British motorcycle speedway rider

Kenneth Lloyd Goffe (30 January 1913 – 18 October 1984) was a British motorcycle speedway rider. He earned one international cap for the England national speedway team.

== Career ==
Goffe began his racing career in 1934 at the sand track in the resort of California near Wokingham, riding for prize money. He then concentrated on grasstrack racing, winning the South of England Grass Track Championship at Basingstoke in 1936. He bought a 500cc Rudge bike from "Froggy" French in 1936, which he used in his early speedway rides, impressing sufficiently to receive offers from both Hackney Wick Wolves and the Johnny Hoskins-managed West Ham Hammers, signing for the latter in 1937. He had a brief spell with the Leicester Hounds team, riding in three matches in 1937 before the club withdrew from the Provincial League.

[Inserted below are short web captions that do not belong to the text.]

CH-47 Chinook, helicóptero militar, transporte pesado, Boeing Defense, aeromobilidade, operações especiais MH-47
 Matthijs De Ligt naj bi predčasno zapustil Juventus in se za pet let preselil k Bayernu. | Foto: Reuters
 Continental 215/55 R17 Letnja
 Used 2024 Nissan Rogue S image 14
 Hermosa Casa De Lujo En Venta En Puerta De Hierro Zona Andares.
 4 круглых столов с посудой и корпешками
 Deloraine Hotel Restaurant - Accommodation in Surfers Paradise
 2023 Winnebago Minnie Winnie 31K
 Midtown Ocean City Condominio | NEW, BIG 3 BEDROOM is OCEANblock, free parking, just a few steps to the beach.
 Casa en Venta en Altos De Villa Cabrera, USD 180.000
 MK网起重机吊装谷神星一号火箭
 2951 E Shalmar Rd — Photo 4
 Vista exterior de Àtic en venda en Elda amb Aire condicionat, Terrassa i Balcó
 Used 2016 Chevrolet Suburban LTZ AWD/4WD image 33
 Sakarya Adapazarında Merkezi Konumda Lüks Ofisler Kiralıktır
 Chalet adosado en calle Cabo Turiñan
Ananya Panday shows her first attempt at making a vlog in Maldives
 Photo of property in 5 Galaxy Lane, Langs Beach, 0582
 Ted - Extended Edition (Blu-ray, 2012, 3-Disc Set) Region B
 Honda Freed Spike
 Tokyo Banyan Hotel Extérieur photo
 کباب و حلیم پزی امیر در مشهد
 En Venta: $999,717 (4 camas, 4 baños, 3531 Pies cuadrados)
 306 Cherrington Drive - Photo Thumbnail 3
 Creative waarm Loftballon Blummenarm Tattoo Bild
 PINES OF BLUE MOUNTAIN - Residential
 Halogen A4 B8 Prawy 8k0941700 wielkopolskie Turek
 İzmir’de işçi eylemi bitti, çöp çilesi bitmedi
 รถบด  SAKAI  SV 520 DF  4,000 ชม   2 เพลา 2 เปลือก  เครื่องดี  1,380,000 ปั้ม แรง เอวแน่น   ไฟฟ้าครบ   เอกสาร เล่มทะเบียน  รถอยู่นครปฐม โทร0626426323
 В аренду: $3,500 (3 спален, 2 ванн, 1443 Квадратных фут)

Goffe's performances progressed after transferring to the Harringay Tigers later that season, staying with the team until the outbreak of World War II. During the war, he served as a fitter in the Royal Air Force.

After the end of the war, Goffe joined the Wimbledon Dons in 1946. His riding style led to him being nicknamed "Cowboy". He achieved one of his ambitions in 1946 by beating the Wembley captain Bill Kitchen in a race. In 1948 Goffe rejoined Harringay (now the 'Racers') for a GBP1,350 transfer fee, where he won the Anniversary Cup in 1949 and by 1950 his career completed a full circle when he rejoined West Ham.

In 1951, Goffe signed and rode for Odsal Tudors and started the 1952 season there before he joined the St Austell Gulls.